Os primeiros quatro versos se constroem num sentido progressivo para o desenlace culminante nos versos paralelos do versículo 4. Otto Kaiser fala de um tipo particular de paralelismo culminante no qual o segundo verso repete a palavra-chave do primeiro e, então, acrescenta o pensamento culminante (1975:322). Por exemplo, Salmos 29.1-2:
Dai ao Senhor , ó filhos dos poderosos,
dai ao Senhor glória e força.
Dai ao Senhor a glória devida ao seu nome;
adorai o Senhor na beleza da sua santidade.

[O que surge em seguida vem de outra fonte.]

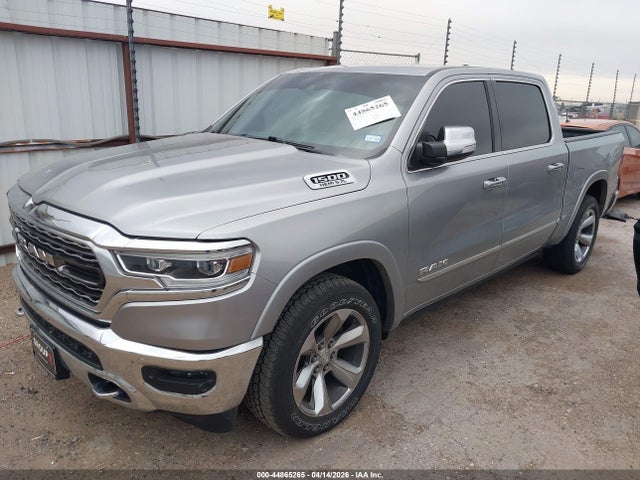 Ram 1500 Limited  4x4 5'7 Box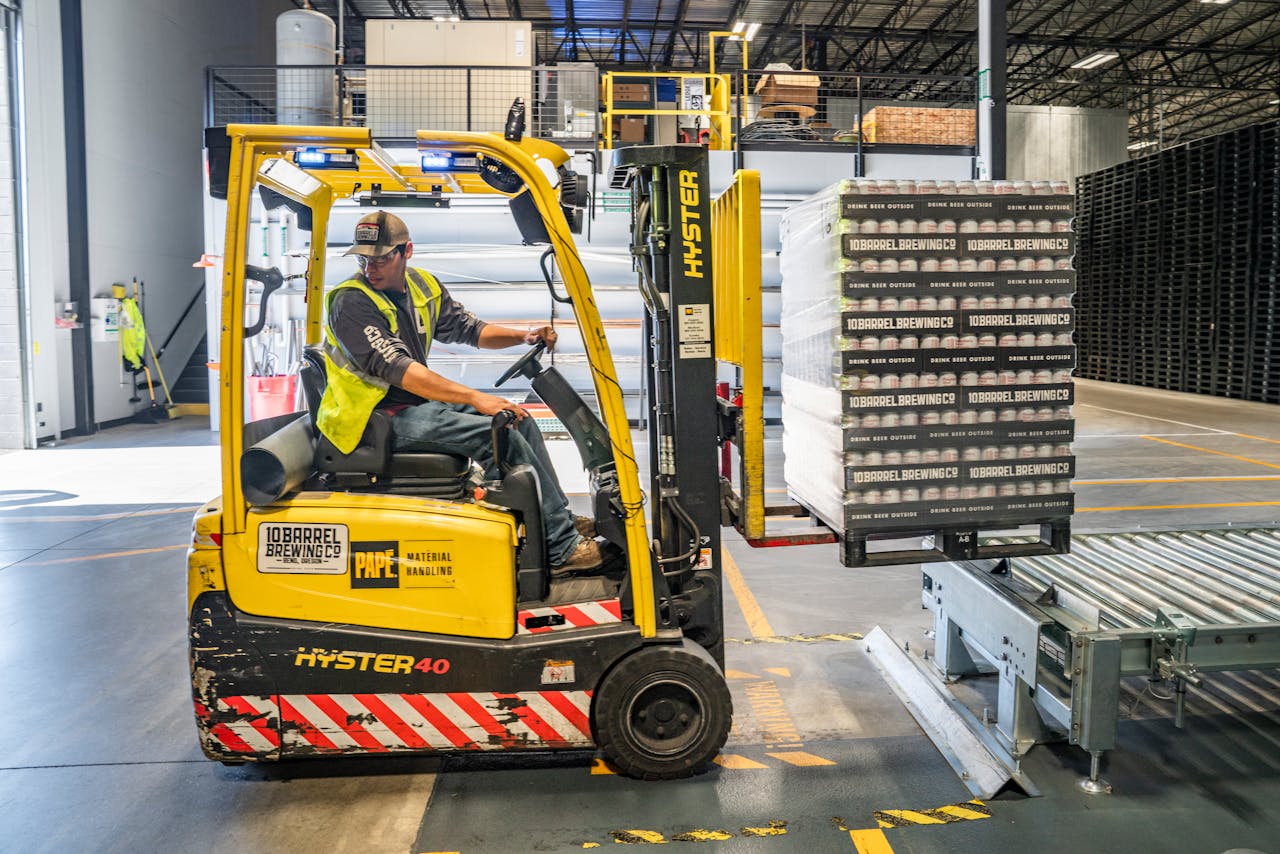 warehousing in hyderabad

4. O paralelismo antitético inverte a ênfase dos outros paralelismos e é o terceiro dos tipos importantes (os outros dois são, como vimos, o sinonímico e o sintético). Em vez de haver um desenvolvimento de uma ideia no segundo verso, observa-se a ocorrência de um contraste com o primeiro verso. Apesar disso, ele ainda constitui um paralelismo, pois o segundo verso retoma o primeiro afirmando o oposto. Por exemplo, Provérbios 3.1 diz:
Filho meu. não te esqueças da minha instrução,
e guarde os meus mandamentos no teu coração;
Ambas as unidades declaram a mesma ideia, mas de modos opostos. Porém, em outros casos, a antítese tem elementos de paralelismo sintético, no qual o segundo traz um esclarecimento adicional, por exemplo, Salmos 20.7 diz:

Uns confiam em carros, outros, em cavalos;
nós, porém, nos gloriaremos em o nome do Senhor , nosso Deus.

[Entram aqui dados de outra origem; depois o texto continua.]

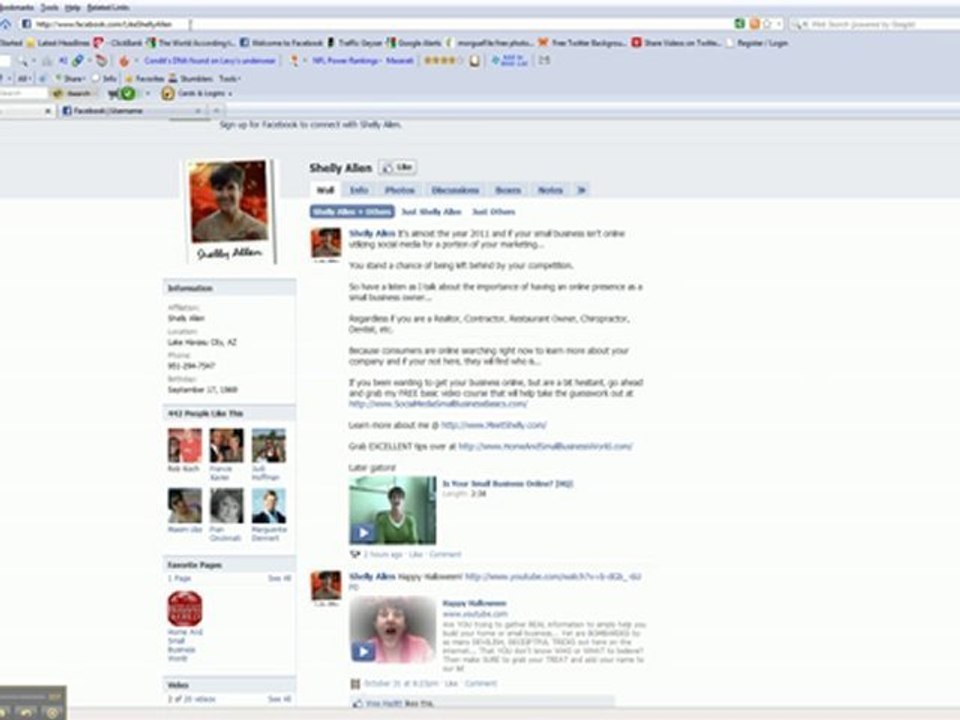 How To Change Your Facebook Like Page Username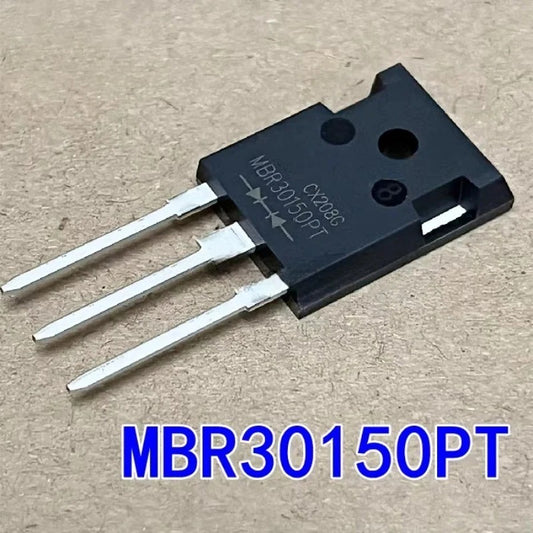 Original MBR30100PT MBR30150PT MBR30200PT MBR3060PT MBR40100PT MBR40200PT MBR4045PT MBR6045PT Schottky Rectifier Diode 30A To 60A 45V-200V TO-247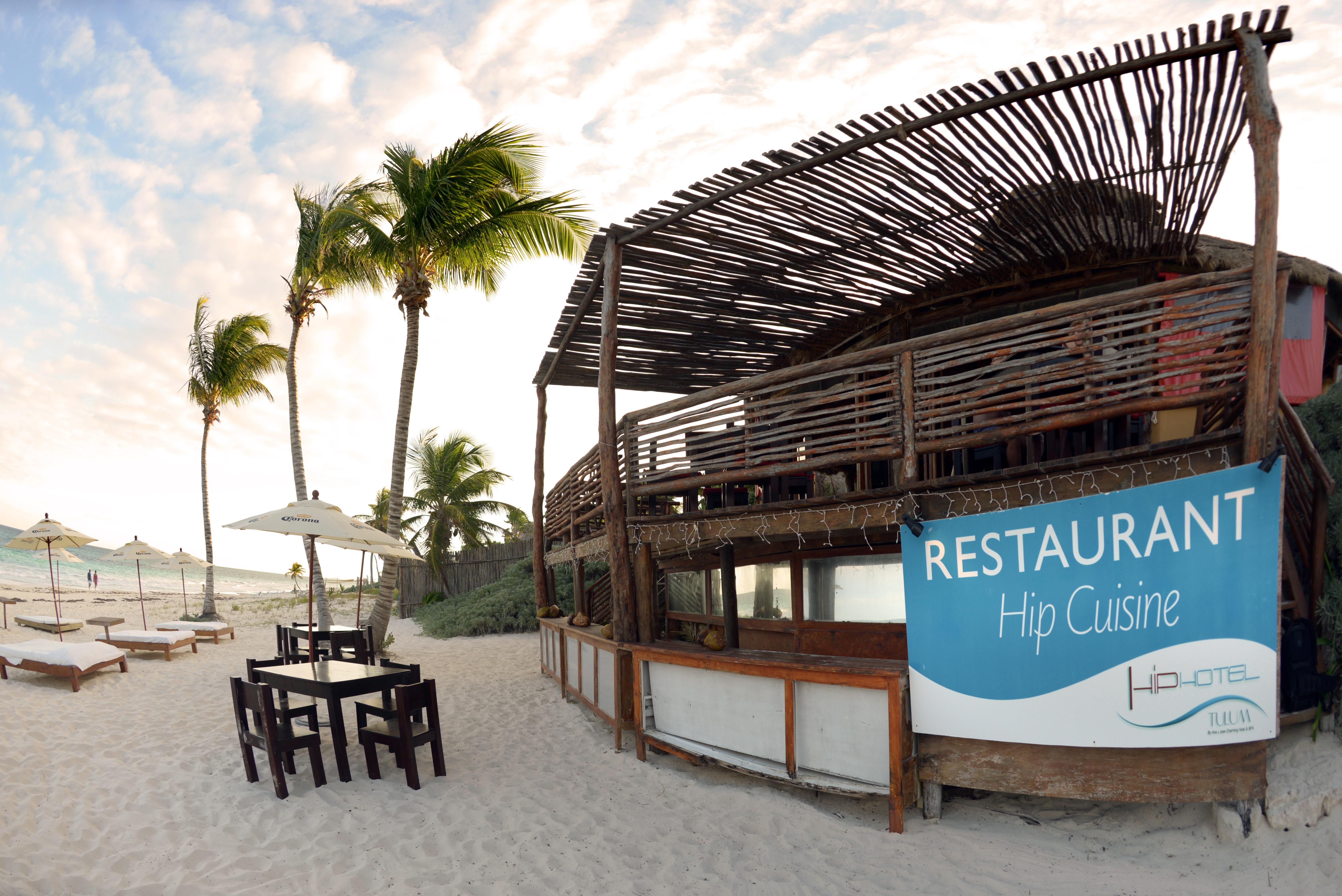 Hip Hotel By Ana Y Jose Tulum Exterior foto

O primeiro verso fala do que não confiar e o segundo do que confiar. Ver também Provérbios 1.7:
O temor do Senhor é o princípio do conhecimento.
Os insensatos desprezam a sabedoria e a instrução.
O sábio e o insensato formam a principal oposição no livro, mas há um claro desenvolvimento de “temor do Senhor ” (verso um) para “sabedoria” (verso dois). Ele é comparável ao contraste justo versus ímpio, como em Provérbios 3.33:
A maldição do Senhor permanece sobre a casa do ímpio,
mas ele abençoa o lar dos justos.

5. O paralelismo introvertido é um tipo particular de paralelismo antitético no qual dois versos são contrastados com outros dois. Frequentemente é apresentado em forma de quiasmo, em que os pares externos são contrastados com os pares internos (AB BA), como em Salmos 30.8-10 do Texto Massorético (Mickelsen 1963:326):
Por ti, SENHOR , clamei,
ao Senhor implorei.
Que proveito obterás no meu sangue,
quando baixo à cova?
Louvar-te-á, porventura, o pó?
Declarará ele a tua verdade?
Ouve, SENHOR, e tem compaixão de mim;
sê tu, SENHOR, o meu auxílio.

6. O paralelismo incompleto acontece quando um elemento do primeiro verso é omitido no segundo, algo que regularmente acontece em versos sinonímicos, como em Salmos 24.1, em que falta o predicado:
Ao SENHOR  pertence a terra e tudo o que nela existe, 
o mundo e os que nele habitam.

7. A variante de equilíbrio acontece quando o segundo verso compensa o elemento que falta acrescentando uma ideia adicional (Kaiser 1981:220, a partir de Cyrus Gordon). Isso ocorre com mais frequência do que a forma incompleta pura, como em Salmos 18.17:
Livrou-me do forte inimigo
e dos que me aborreciam, pois eram mais poderosos do que eu.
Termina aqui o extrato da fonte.